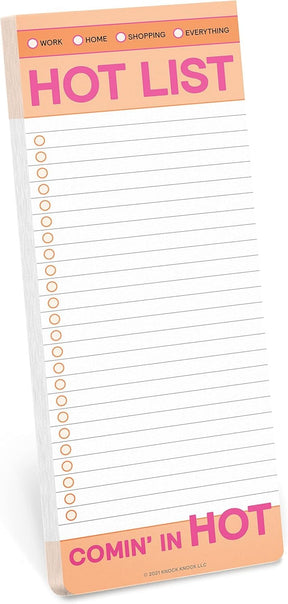 Knock Knock Hot List Make-a-List Pad - Agenda Planner Pad & To Do Pad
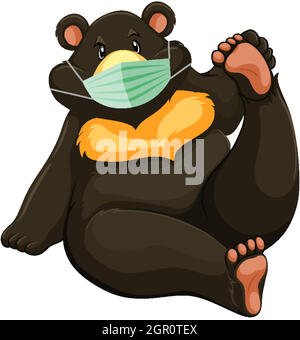 Masque de port charater à motif ours noir Illustration de Vecteur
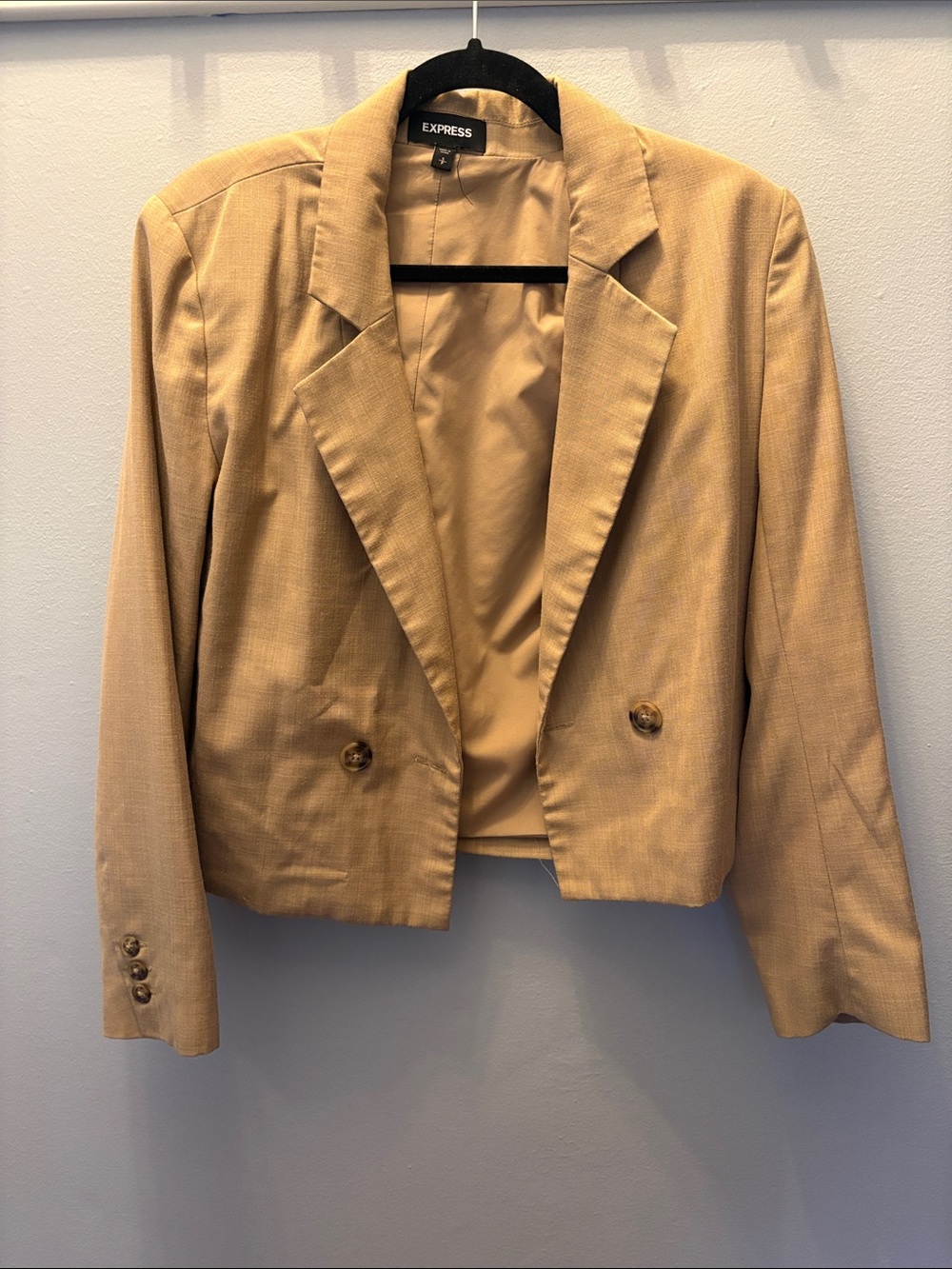 Express Women's Light Tan Cropped Blazer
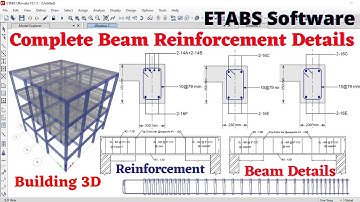 Compete Beam reinforcement details in ETABS | building design | civil engineering | online |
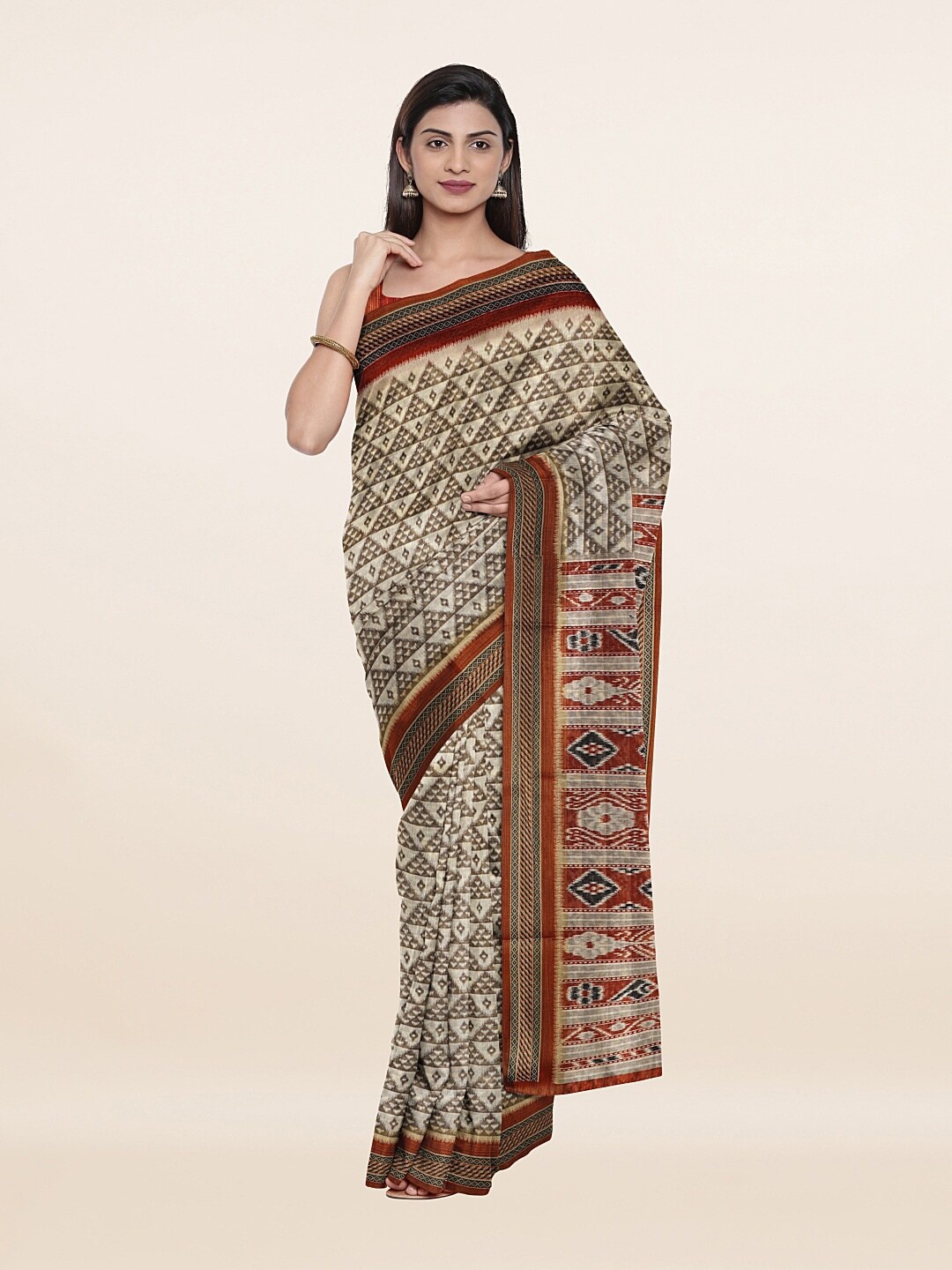 

Pothys Cream-Coloured & Gold-Toned Printed Zari Saree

**What is needed**: Set down the material again exactly. Don't carry over any pictures.

**Written response**:
 Knock Knock Hot List Make-a-List Pad - Agenda Planner Pad & To Do Pad
 Masque de port charater à motif ours noir Illustration de Vecteur
 Express Women's Light Tan Cropped Blazer
 Compete Beam reinforcement details in ETABS | building design | civil engineering | online |

Pothys Cream-Coloured & Gold-Toned Printed Zari Saree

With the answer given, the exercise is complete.